That's a nice memory. They were always "moving pictures" to my Dad, so much so that even today, I can't break the habit. My mother used "picture," but Dad was "moving pictures." In a digital age, where movie theaters are transition away from film to digital projection, "moving pictures" is becoming even more anachronistic.

The other day, in the basement of the apartment house I live in, I saw someone was getting a very fancy looking new refrigerator - yet in my mind, I thought, what a fancy "ice-box." I doubt my Dad who lived into the early 90s, used the term refrigerator ten times in his life. Maybe, as with your grandmother, it is a way we stay connected to them.
 

Shangas

I'll Lock Up
Messages
6,116
Location
Melbourne, Australia
I wonder if anyone would understand having a watch, or clock, which stopped? Considering how long a watch or clock-battery can last these days. Or, for that matter, winding up a clock, or watch.

My grandmother, born in 1914, used those phrases constantly whenever I was late for something. Despite the fact that we hadn't a single mechanical clock in the house.
 
That's a nice memory. They were always "moving pictures" to my Dad, so much so that even today, I can't break the habit. My mother used "picture," but Dad was "moving pictures." In a digital age, where movie theaters are transition away from film to digital projection, "moving pictures" is becoming even more anachronistic.

The other day, in the basement of the apartment house I live in, I saw someone was getting a very fancy looking new refrigerator - yet in my mind, I thought, what a fancy "ice-box." I doubt my Dad who lived into the early 90s, used the term refrigerator ten times in his life. Maybe, as with your grandmother, it is a way we stay connected to them.

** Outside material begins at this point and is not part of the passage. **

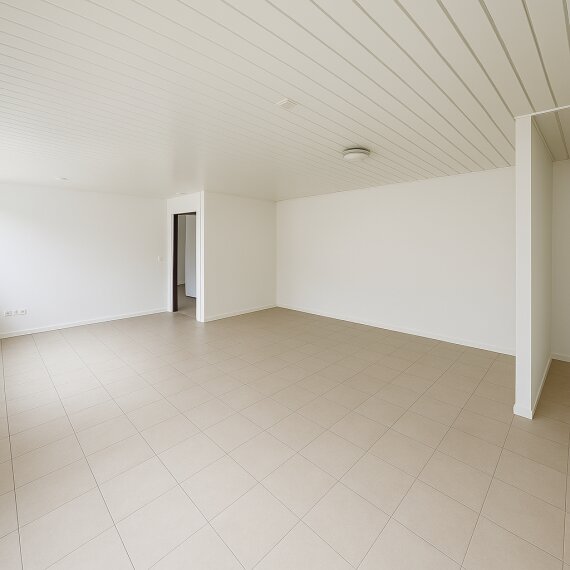 Halle Rechts Büro 3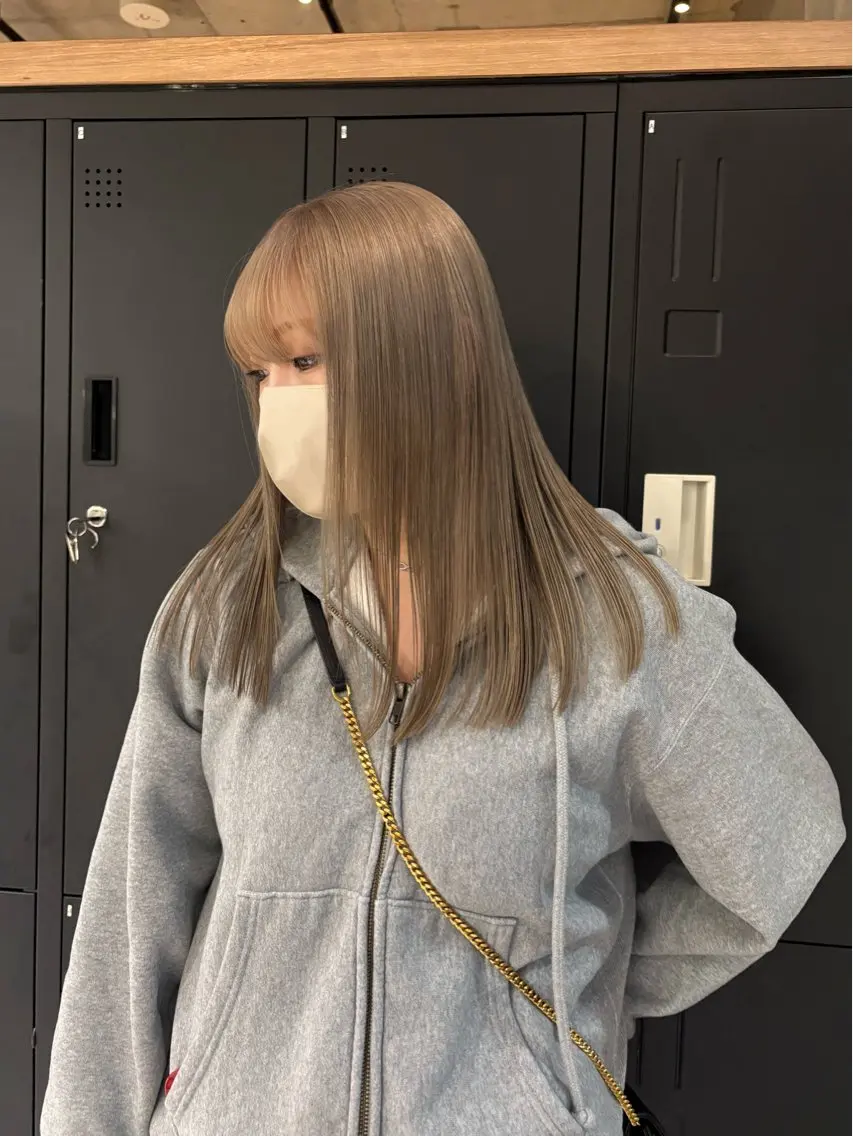 ロング カラー ヘアカラー KAEDE🌺Wカ ラー/ホワイトカラーのヘアスタイル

I would (and still do occasionally) hear "ice box" used by various relatives, as well as the generic "frigidaire". And speaking of my grandmother, she was a very vivacious, larger-than-life character full of home-spun wit and wisdom. She often used "colorful" language expressions that probably should not be printed here, while explaining why so-in-so was a ne'er-do-well and why picking strawberries "built character". The latter rubbed off on my dad, as his response to anytime we were cold, hot, wet, dry, tired, sore and just plain miserable was "it builds character".
 

Dragon Soldier

One of the Regulars
Messages
288
Location
Belfast, Northern Ireland
My grandmother was a big movie goer/watcher and she always referred to them as moving pictures, or typically just "pictures". She would say "let's go see that new cowboy picture". She even took me to see my first James Bond "picture". I always found that term very endearing, and it's one of my fondest memories of her.

Common term in Belfast until at least my teens and would probably still be used by people of my age or older.
 
Messages
17,220
Location
New York City
I would (and still do occasionally) hear "ice box" used by various relatives, as well as the generic "frigidaire". And speaking of my grandmother, she was a very vivacious, larger-than-life character full of home-spun wit and wisdom. She often used "colorful" language expressions that probably should not be printed here, while explaining why so-in-so was a ne'er-do-well and why picking strawberries "built character". The latter rubbed off on my dad, as his response to anytime we were cold, hot, wet, dry, tired, sore and just plain miserable was "it builds character".

My Dad and your Dad and Grandmother were cut from the same cloth. Everything hard was character building and everything not hard was another example of "you kids have it too easy." At the margin, these things are true: Adversity in reasonable doses helps build character and too much ease can lead to sloth, but in the extreme, this become the theater of the absurd. I had to beg my Mom to beg my Dad to buy a new rake as most of the teeth were broken, but for a long time, I just heard it builds character. We are talking about raking leaves and having a simple tool in working order to help - I wasn't complaining about raking the leaves, just wanted something to actually rake them with. On the other side, one learned to never complain about not liking some food, because we should be grateful that "there was food to complain about." It wasn't 'till I left home at seventeen that I learned how really absurd the extreme is. That said, I learned a lot from him and have a much stronger character for it - but might have gotten there with a little less absurdity.
 
My Dad and your Dad and Grandmother were cut from the same cloth. Everything hard was character building and everything not hard was another example of "you kids have it too easy." At the margin, these things are true: Adversity in reasonable doses helps build character and too much ease can lead to sloth, but in the extreme, this become the theater of the absurd. I had to beg my Mom to beg my Dad to buy a new rake as most of the teeth were broken, but for a long time, I just heard it builds character. We are talking about raking leaves and having a simple tool in working order to help - I wasn't complaining about raking the leaves, just wanted something to actually rake them with. On the other side, one learned to never complain about not liking some food, because we should be grateful that "there was food to complain about." It wasn't 'till I left home at seventeen that I learned how really absurd the extreme is. That said, I learned a lot from him and have a much stronger character for it - but might have gotten there with a little less absurdity.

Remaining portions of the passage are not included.